Work task: If a record contains a picture, skip the picture and transcribe the rest exactly.

********

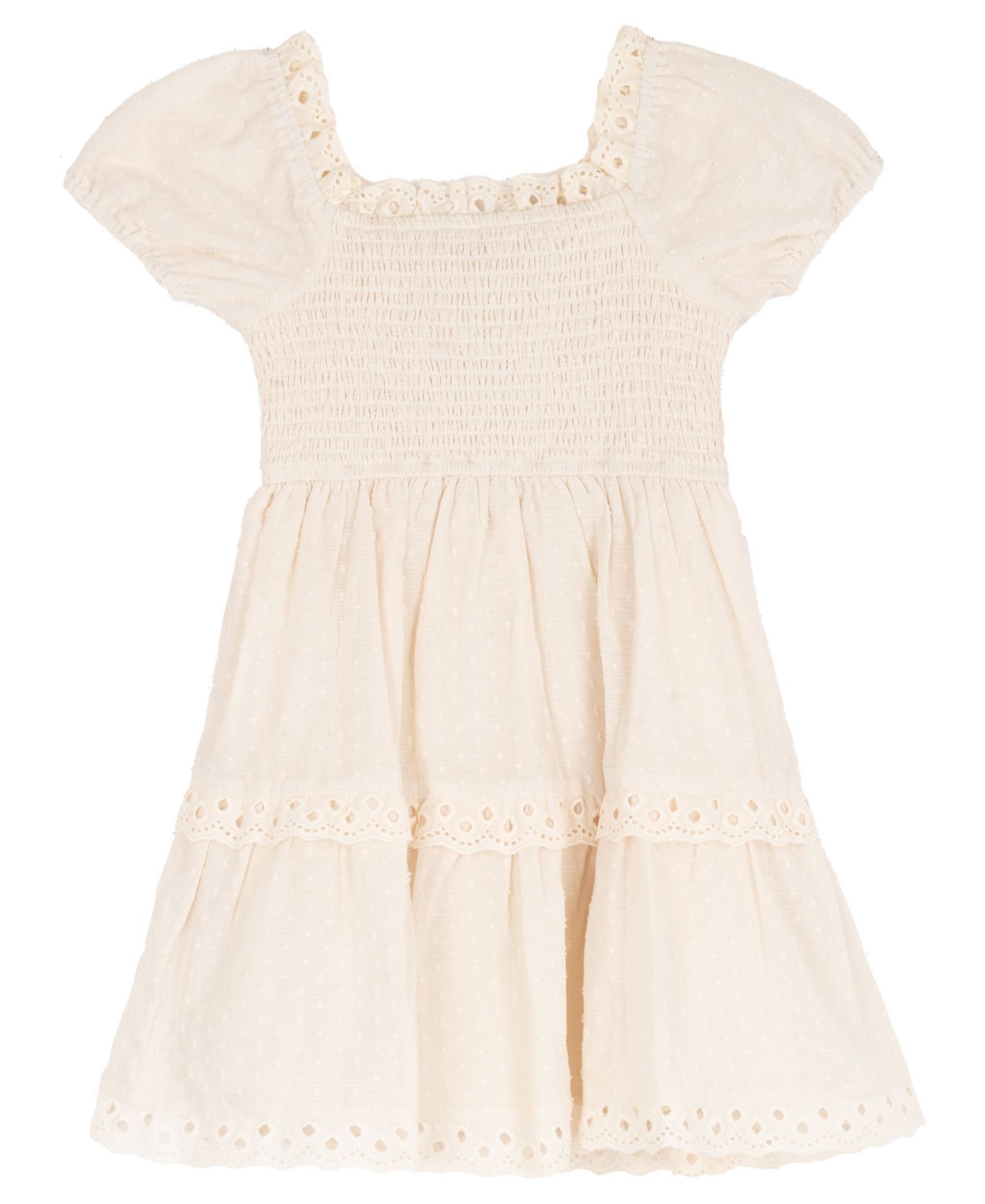 Комплект Rare Editions Suede Fringe Vest and Clip Dot Cotton Puff Sleeve Dress, 2-Piece Set для девочек, цвет: Слоновая кость — фото 6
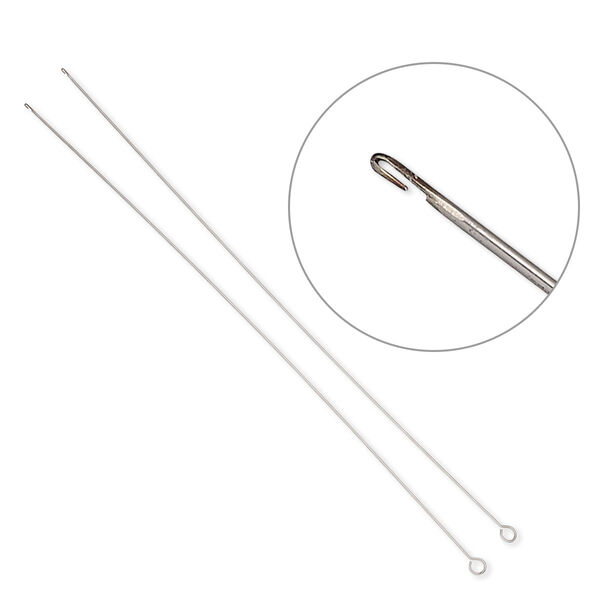 Beading needle, Elastacord™ Bead Threader, stainless steel, 10-1/2 inches with hook. Sold per pkg of 2. image number 0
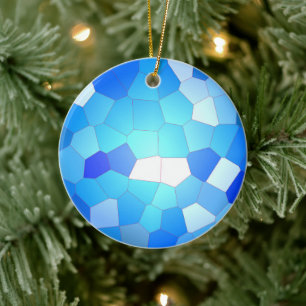 Sky Blue Mosaic Pattern Ceramic Tree Decoration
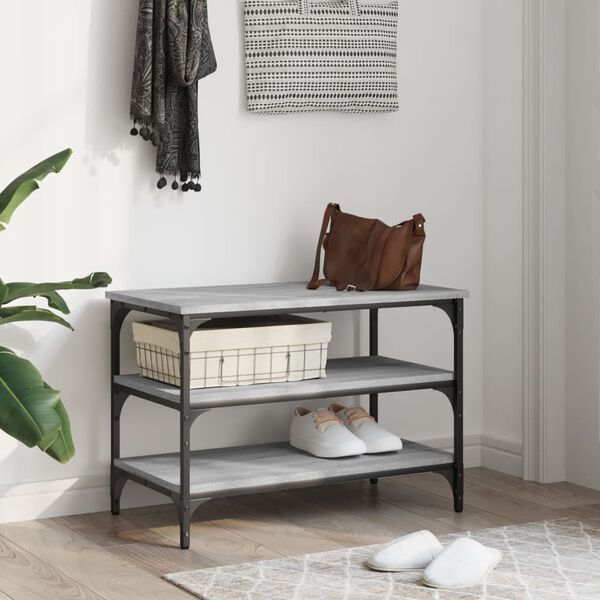 vidaXL Shoe Bench Grey Sonoma Engineered wood, metal Medium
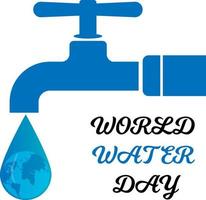 handgetekende wereld water dag illustratie met handen en waterdruppel vector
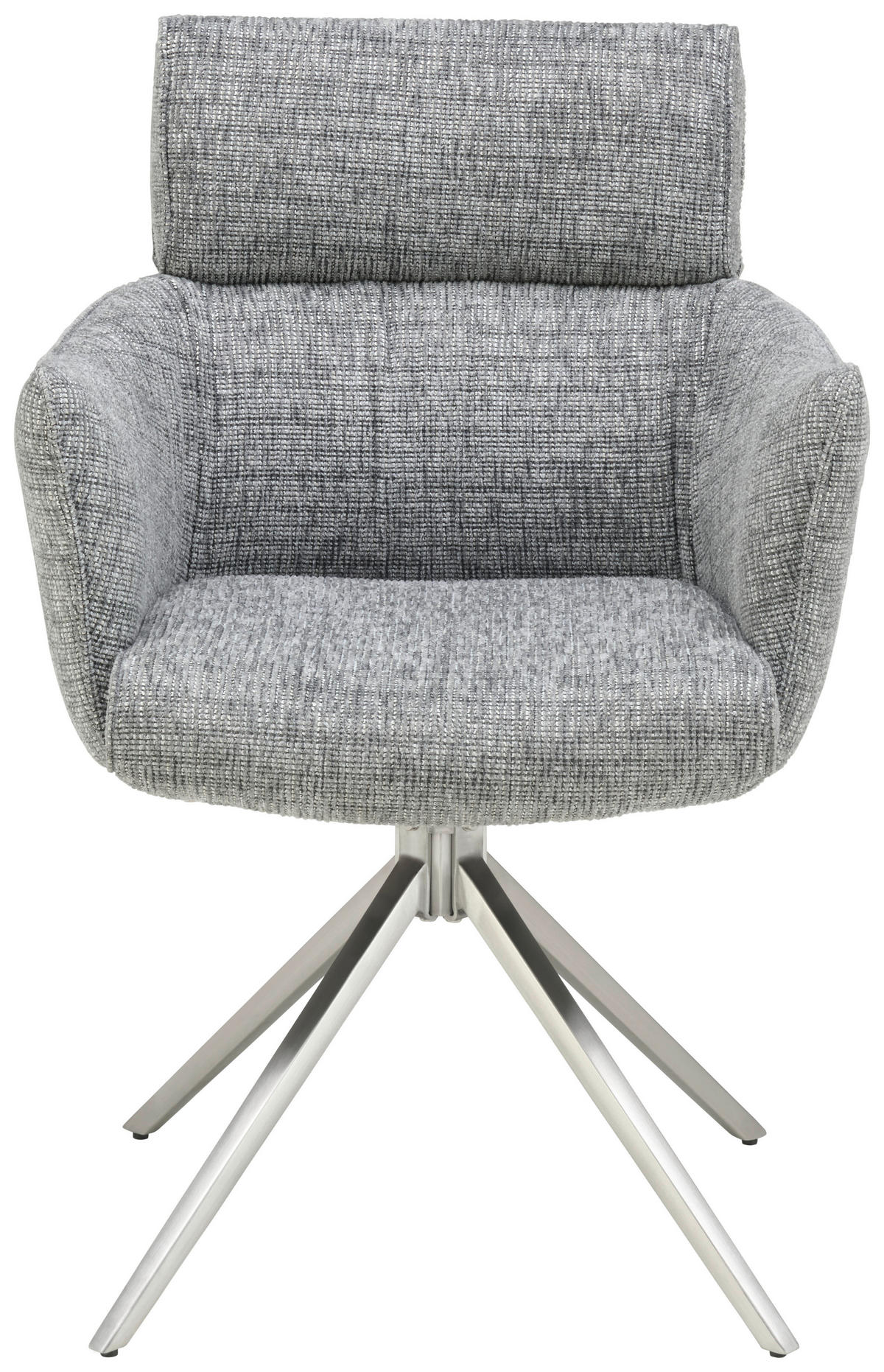 ARMLEHNSTUHL  in Edelstahl Mikrofaser  - Edelstahlfarben/Grau, KONVENTIONELL, Textil/Metall (61/89/63cm) - Livetastic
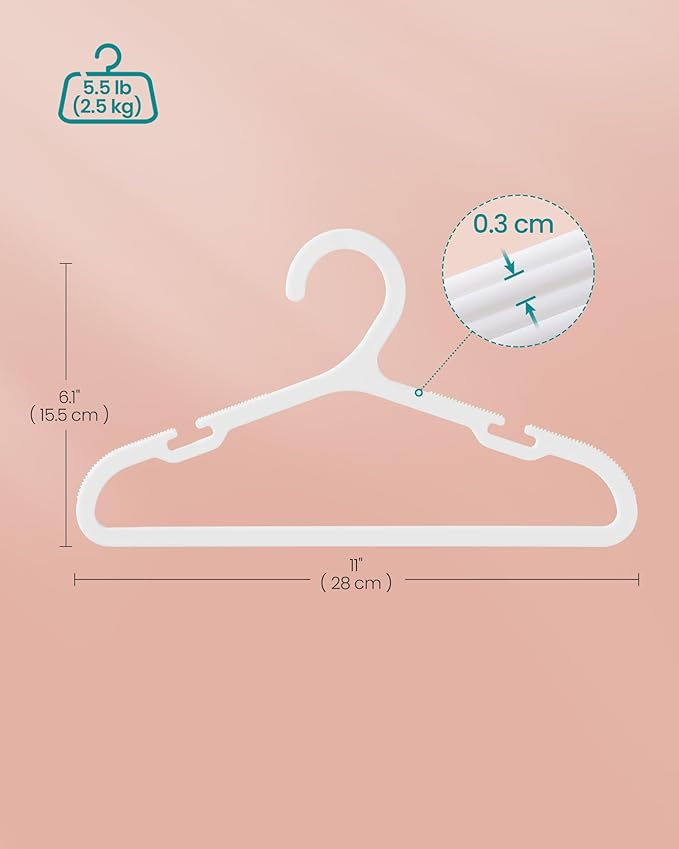 SONGMICS Baby Hangers 100 Pack, Plastic Kids Hangers for Closet, 11 x 6.1 Inches, for Children Aged 0-6 Years, Space-Saving, Non-Slip, Cloud White UCRP180W01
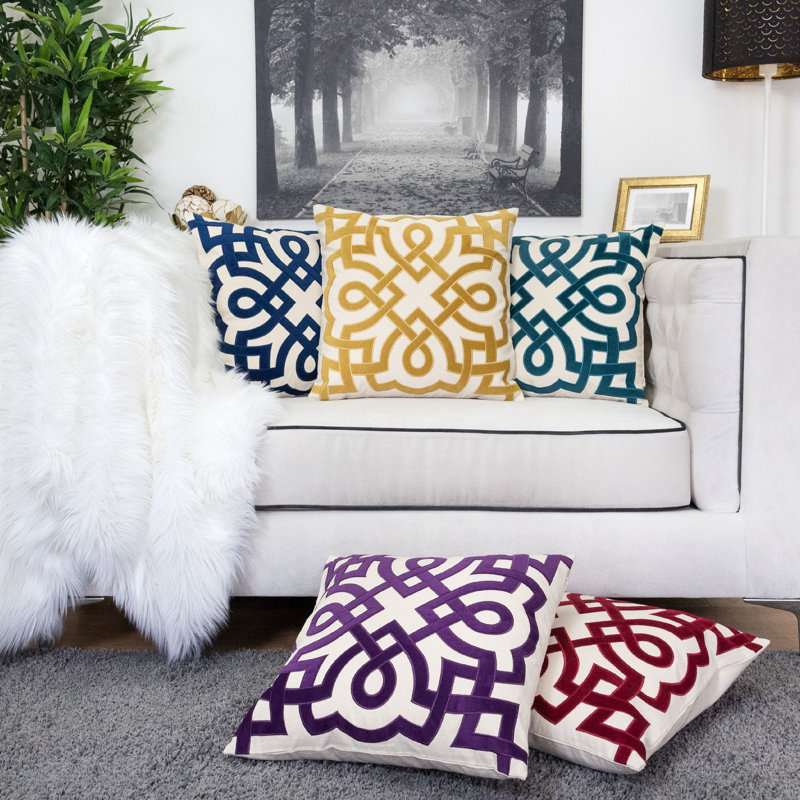  Outdoor Square Cotton Pillow Cover & Insert, Purple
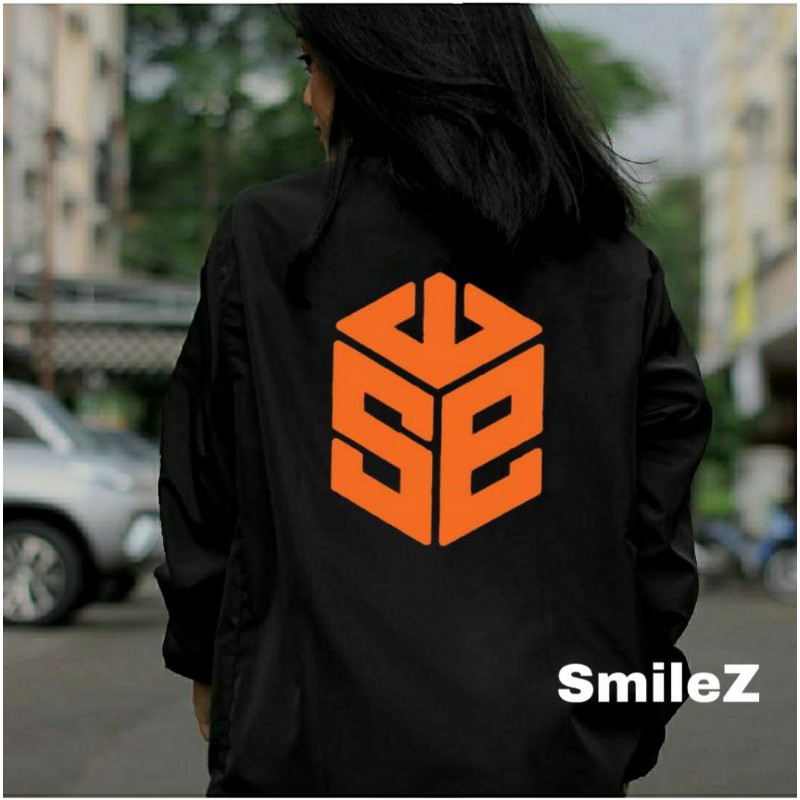 Áo Khoác SWE Cam Jacket Unisex Nam Nữ Form Rộng Cổ Bẻ Dù 2 Lớp Jacket SmileZ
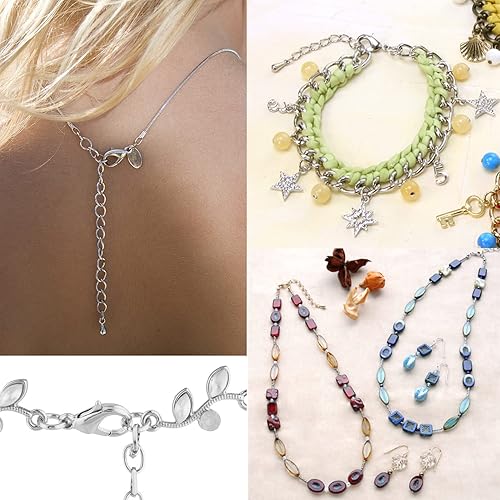 Miniatura 5 de Juego de 580 piezas de accesorios para fabricación de joyas, incluye 250 conectores de anillo de salto abiertos, 250 tapas de extremo de cable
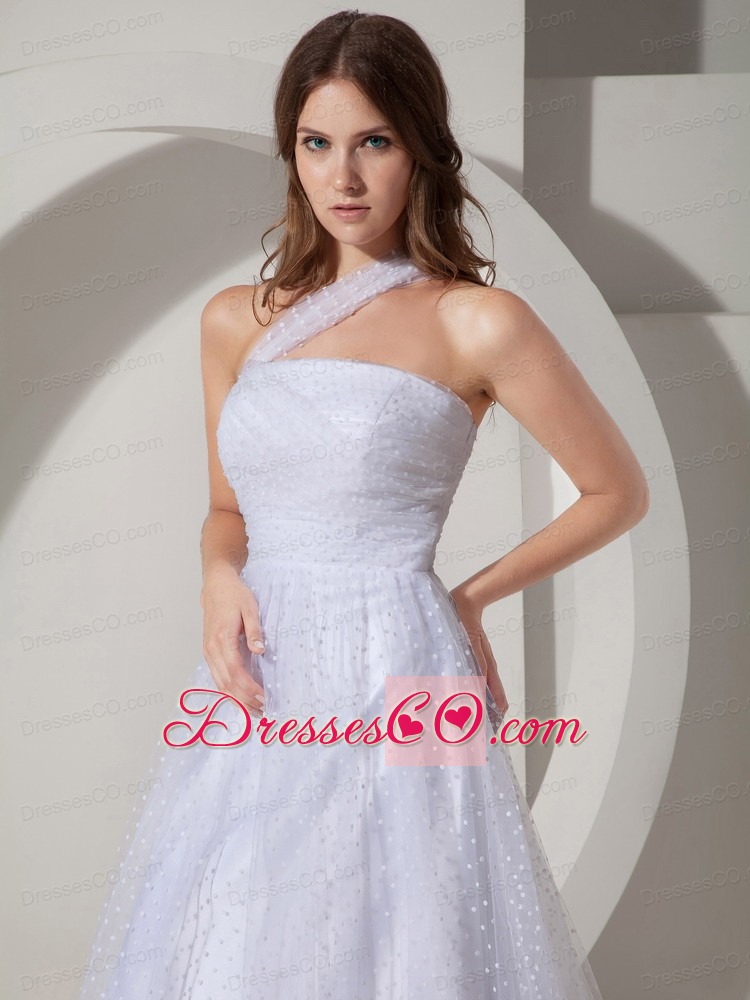 Modest A-Line / Princess One Shoulder Court Train Tulle Wedding Dress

********

Response to the exercise:
 Комплект Rare Editions Suede Fringe Vest and Clip Dot Cotton Puff Sleeve Dress, 2-Piece Set для девочек, цвет: Слоновая кость — фото 6
 Beading needle, Elastacord™ Bead Threader, stainless steel, 10-1/2 inches with hook. Sold per pkg of 2. image number 0
 Sky Blue Mosaic Pattern Ceramic Tree Decoration
 vidaXL Shoe Bench Grey Sonoma Engineered wood, metal Medium
 handgetekende wereld water dag illustratie met handen en waterdruppel vector
 ARMLEHNSTUHL  in Edelstahl Mikrofaser  - Edelstahlfarben/Grau, KONVENTIONELL, Textil/Metall (61/89/63cm) - Livetastic
 SONGMICS Baby Hangers 100 Pack, Plastic Kids Hangers for Closet, 11 x 6.1 Inches, for Children Aged 0-6 Years, Space-Saving, Non-Slip, Cloud White UCRP180W01
  Outdoor Square Cotton Pillow Cover & Insert, Purple
 Áo Khoác SWE Cam Jacket Unisex Nam Nữ Form Rộng Cổ Bẻ Dù 2 Lớp Jacket SmileZ
 Miniatura 5 de Juego de 580 piezas de accesorios para fabricación de joyas, incluye 250 conectores de anillo de salto abiertos, 250 tapas de extremo de cable
 Modest A-Line / Princess One Shoulder Court Train Tulle Wedding Dress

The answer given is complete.